# ruger single six



## saskredneck (Oct 19, 2010)

my dad surprised me with a single six the other day. what a blast to shoot. has any one ever put some white paint on the front sight to make it pop more?


----------



## youngdon (Mar 10, 2010)

Nice gun SRN, I've put fluorescent green nail polish on the front post of more than one revolver. It stands out enough that your eye just grabs it.


----------



## sneakygroundbuzzard (Nov 1, 2012)

yup white on the front sight works well

or any bright color


----------



## saskredneck (Oct 19, 2010)

thanks, been whacking gophers with it all morning.


----------



## jimmy shutt (Jun 2, 2013)

Boat paint "All grip" in yellow is what's on mine.


----------



## dwtrees (Mar 5, 2012)

I used some green glow in the dark jig paint. Real easy to see on a black pistol.


----------



## dlh2689 (Jul 19, 2013)

I would go with green over white. I think the green stands out more.


----------



## fr3db3ar (Aug 6, 2011)

Is your dad open to adoptions? LOL

Nice


----------



## Livn68 (Nov 27, 2013)

I love my 7 1/2" stainless hunter model. Super accurate!

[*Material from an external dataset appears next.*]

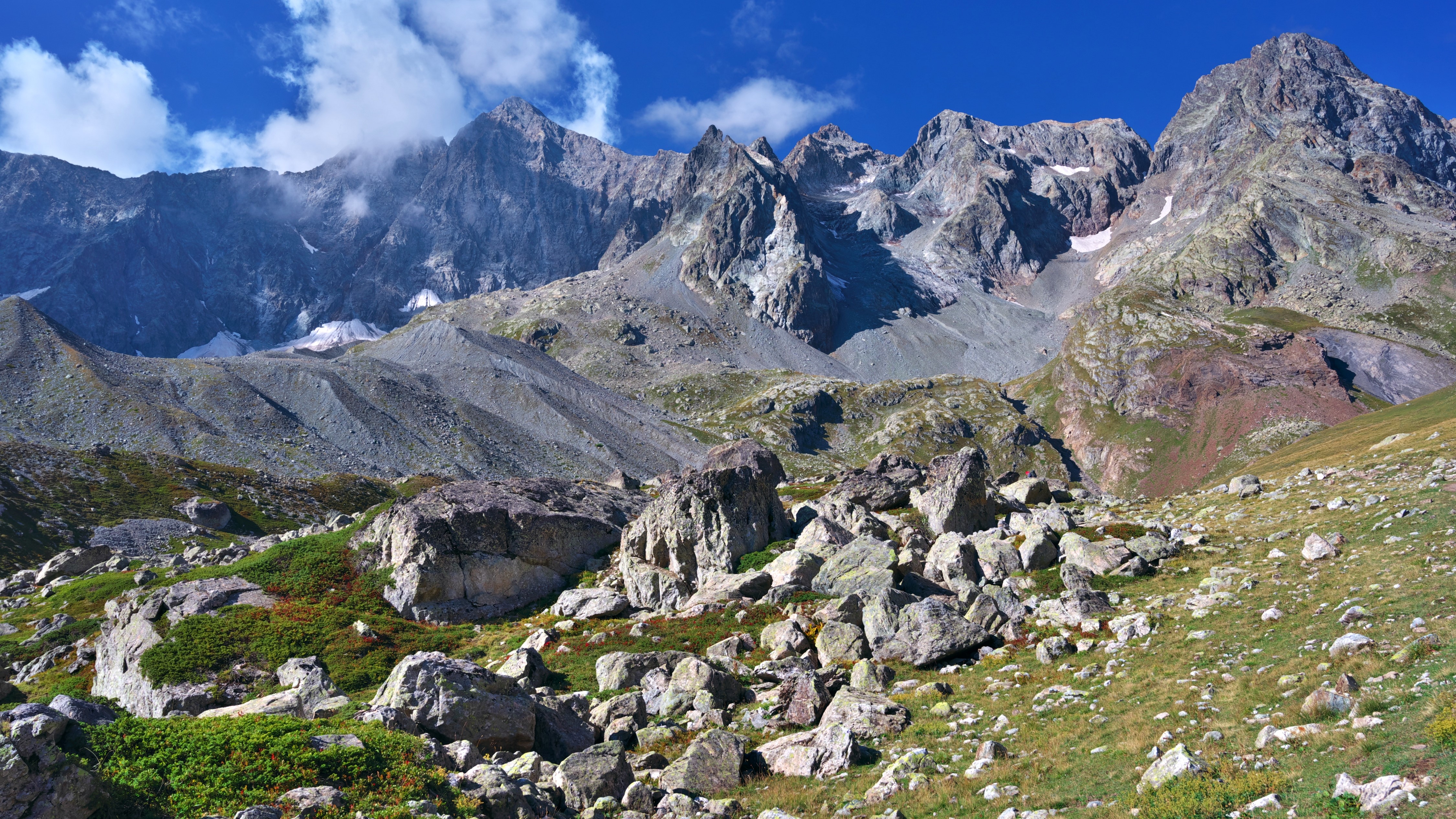 4K Mountains at Col d'Arsine, France HD Wallpaper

Sent from my iPad using Tapatalk


----------



## singlesix (May 13, 2010)

I love mine so much I made her into my Avatar. Mine loves Jack Rabbits


----------



## azpredatorhunter (Jul 24, 2012)

No paint here... it's my daughters.


----------



## sneakygroundbuzzard (Nov 1, 2012)

i loved the one i used to have

would love to get another,but they have gotten pricey


----------



## azpredatorhunter (Jul 24, 2012)

sneakygroundbuzzard said:


> i loved the one i used to have
> would love to get another,but they have gotten pricey


I traded a (1.000 rnds.) of .556 Tula Ammo for that pistol, + a gun belt & holster...


----------



## LeadHead (Feb 11, 2012)

Never could get any accuracy out of the one I had years ago, so I traded it off. It's one of the very few guns I've never regretted selling.


----------